Bu milletin menfaatlerini koruyoruz diyerek sakin küresel eşkıyaların çıkarlarının bekçiliğini yapmış olmayalım. Farkına olmadan veya bizzat bilerek Türk milletini imha etme operasyonun ortaklarından olmayalım. Nereye ve kimlere hizmet ettiğimizi acaba biliyor muyuz? Bu ülkede kimlerin borusunun öttüğünü ne kadar ve hangi ölçülerde acaba idrak edebilmiş durumdayız? Ülke altımızdan kayarken, üçüncü dünya savaşı son hızıyla devam ederken bizimkilerin bile bile yanlışlarına ısrar etmelerine ve düşsek de, kalksak da yine yola devam deme gibi bir kör inadını ben hiç anlayamıyorum.
Türkiye kör bir inadın ve kör bir ihanetin kurbanı olmak üzeredir. Türkiye küresel eşkıyaların peyda ettikleri yalanlar ve akıl oyunları denizinde boğulmak üzeredir. Bu gemi bu denize çıkmamalı ve kendimizin imha edilmesine seyirci kalmamalıyız. Akıl oyunlarına karşı biz de akıl oyunları geliştirmeliyiz. En son kalemiz olan Ordumuz üzerine titremeli ve bir takım aklı kırıklar yüzünden en son kalemizi hedef alan aptallara fırsat vermemeliyiz.

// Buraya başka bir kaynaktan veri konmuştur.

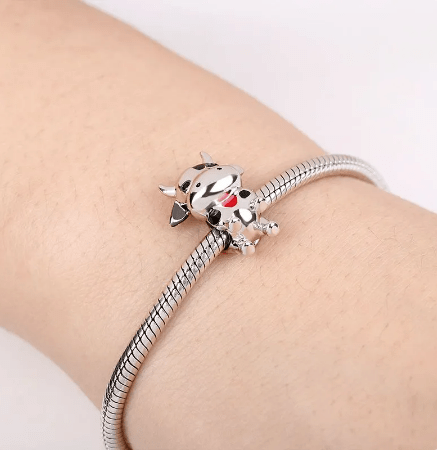Cow & Llama & Horse Charms for Pandora Style Bracelets Sterling Silver Farm Animal Charms、mySite、g9winljtr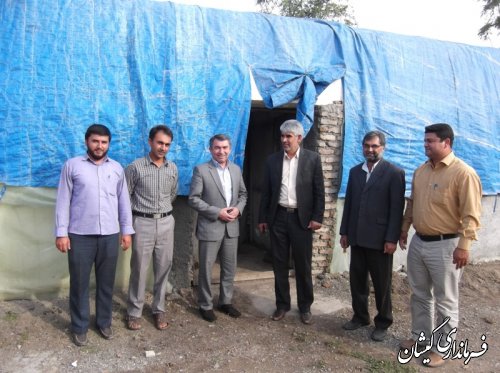 بازدید فرماندار گمیشان از کارگاه پرورش تولید قارچ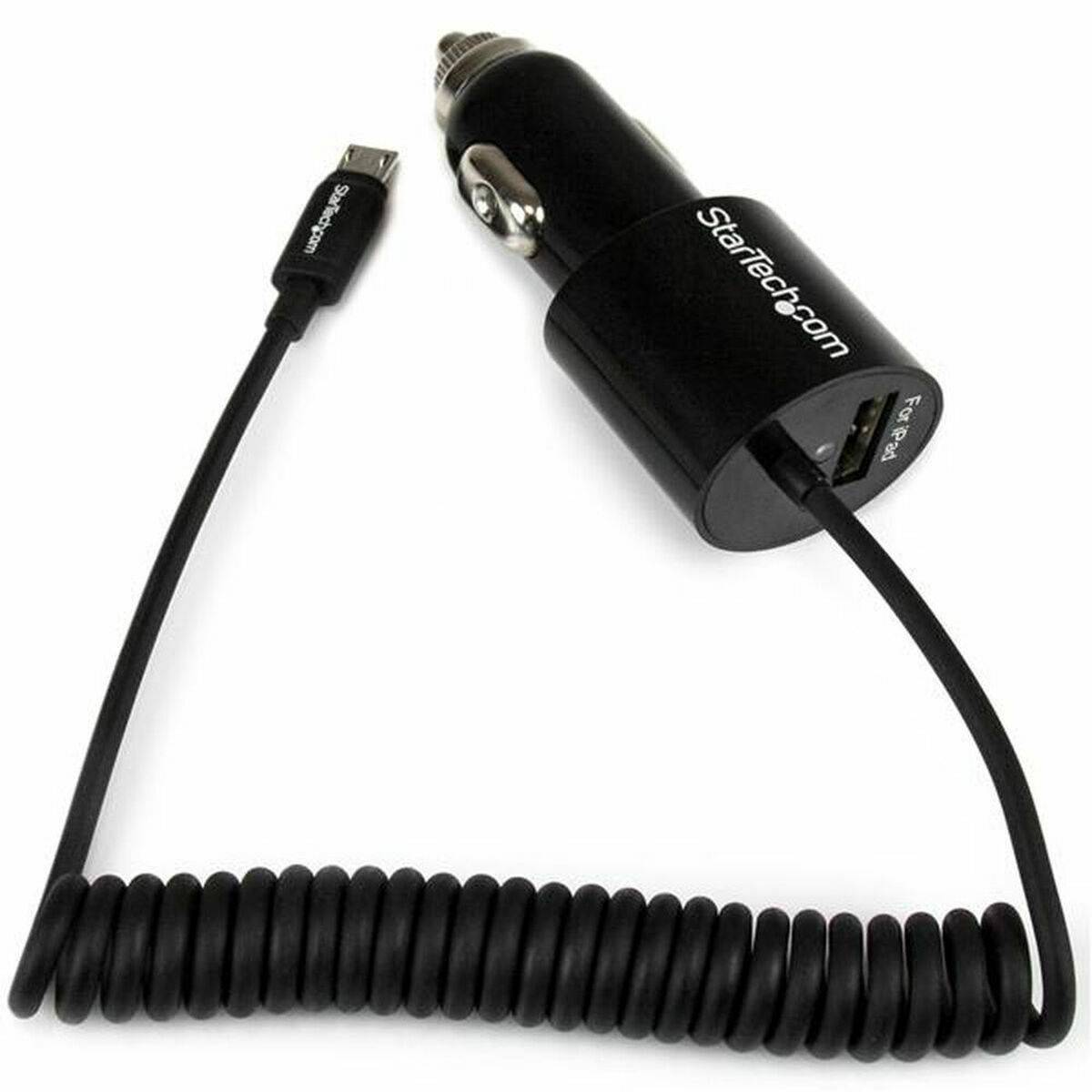 Cable Micro USB Startech USBUB2PCARB Negro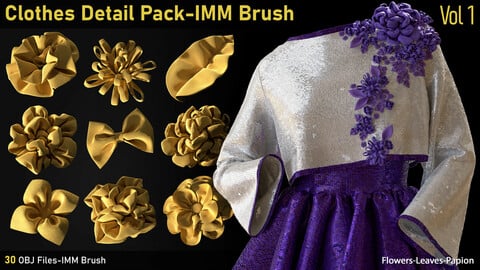 Clothes Details Pack-IMM Brush-vol1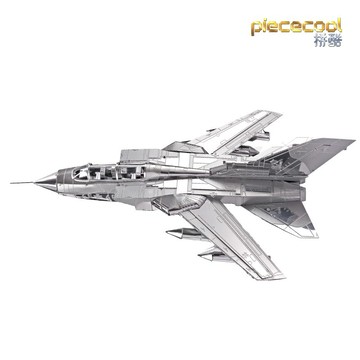 Piececool 拼酷 3D 金屬模型, 狂風戰鬥機 軍事組裝模型 DIY 積木兒童禮物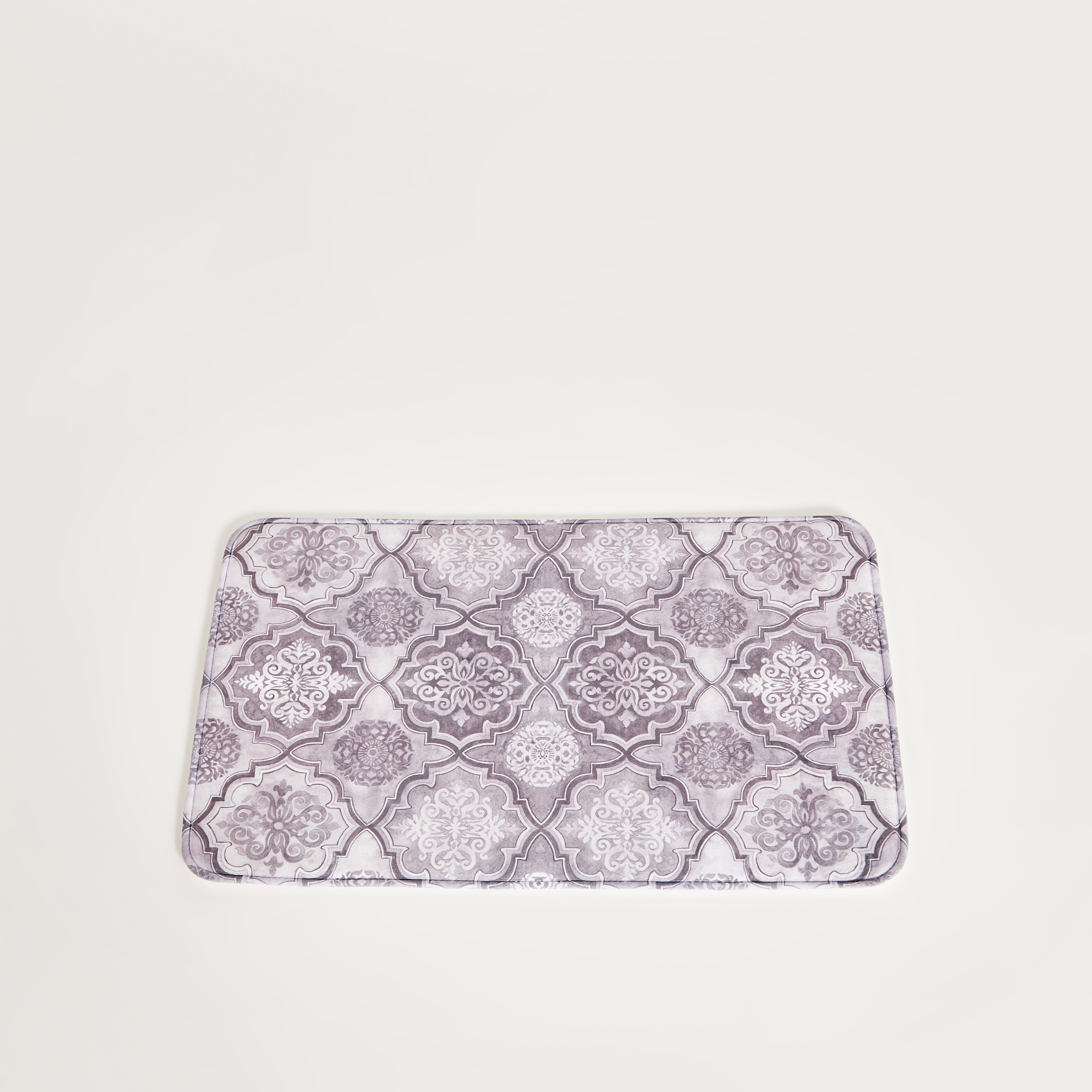 سجادة حمام ميموري فوم بطبعات زهرية - 50x80 سم-household-bathandlaundry-bathlinen-bathmatsandtubmats-image-3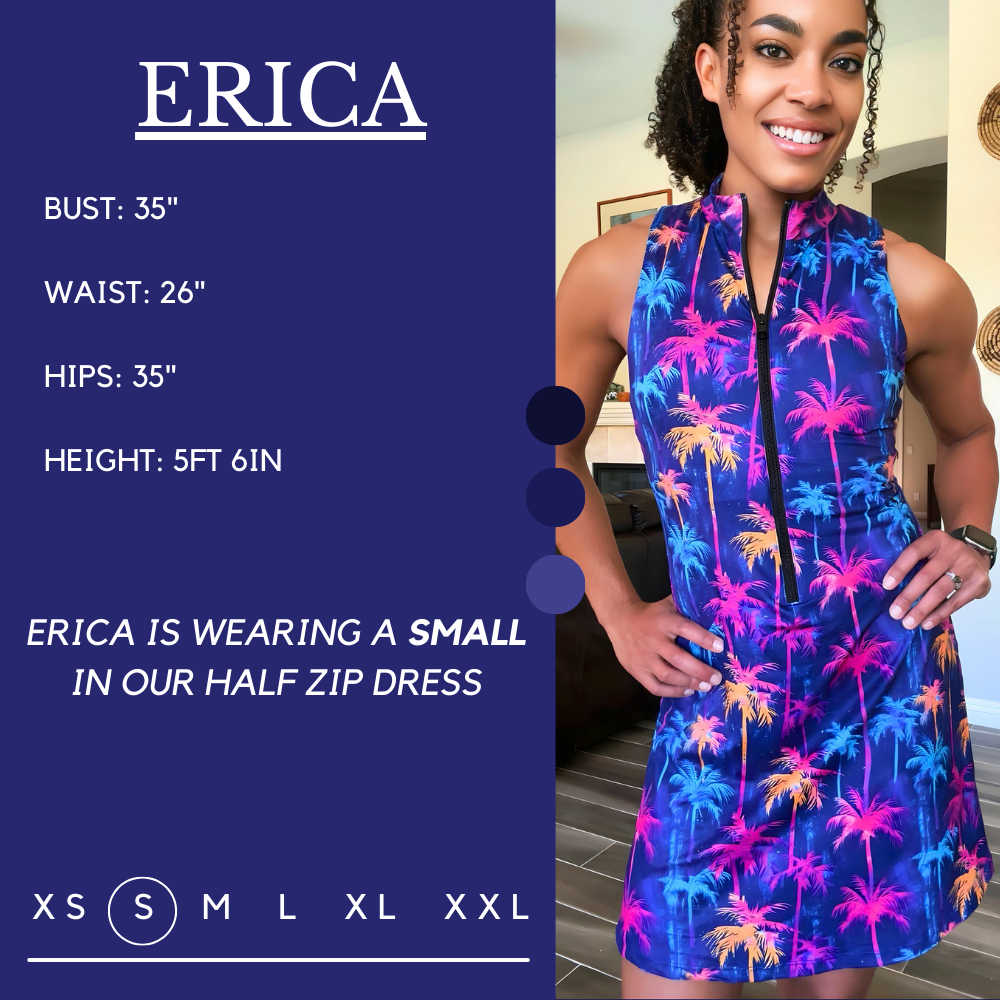 Constantly Varied Gear Half Zip Dress - Mirage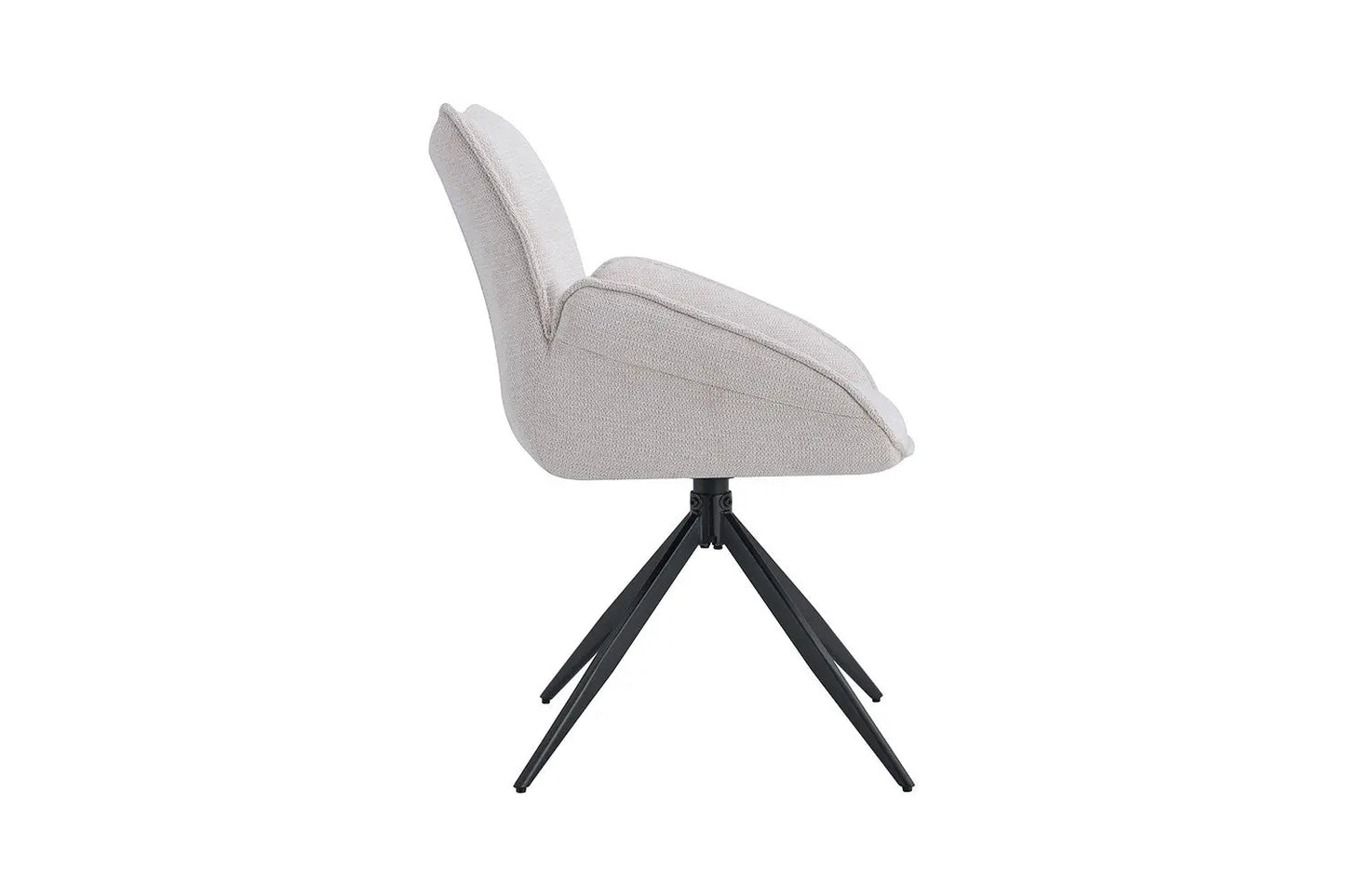 Chaises Pivotantes de Salle à Manger MAHY Sable - 90 x 60 cm ROUSSEAU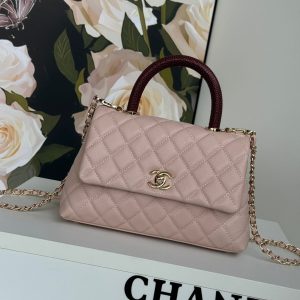 img_b5cc9469_20240806_i1722935803_845_5_jpg coco handle flap bag 24cm pastel pink red quilted caviar leather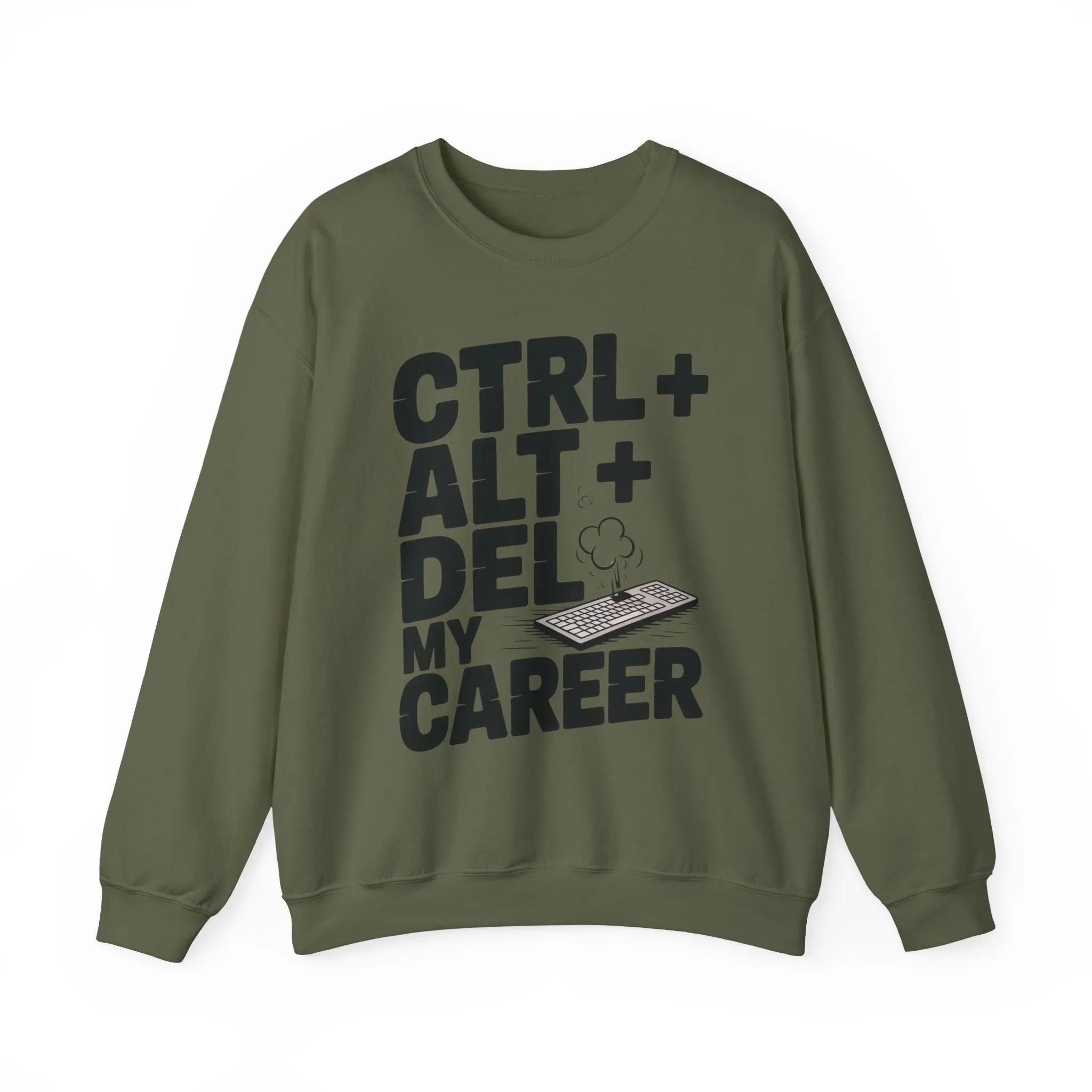 Ctrl Alt Del My Career Sweatshirt, Sarcastic Workwear Graphic Pullover, Funny Office Top, Men's Heavy Blend™ Crewneck Sweatshirt - Image 13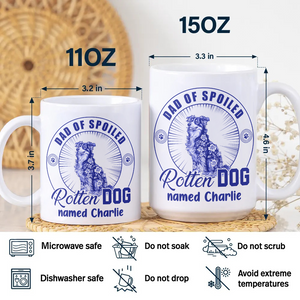 Personalized Spoiled Rotten Dog Toile De Jouy White Mug LM32 895079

İhtilalcıları sorguladığımız kadar bu ülkeyi ihtilal ve darbelerin eşiğine kadar getirenler de mutlaka sorgulanmalıdır. Bu ülke bu darboğazlara benim sayemde gelmedi herhalde. Bizi bu noktalara kimler getirdiyseler mutlaka bir gün tarih önünde hesaba çekileceklerdir. Ne birilerini belindeki tabancaları nede başka birlerini dışarılardaki ağalarının gücü bile korumaya yetmeyecektir. Herkes aklını başına alsın ve bu milletle oynamaktan vazgeçsin.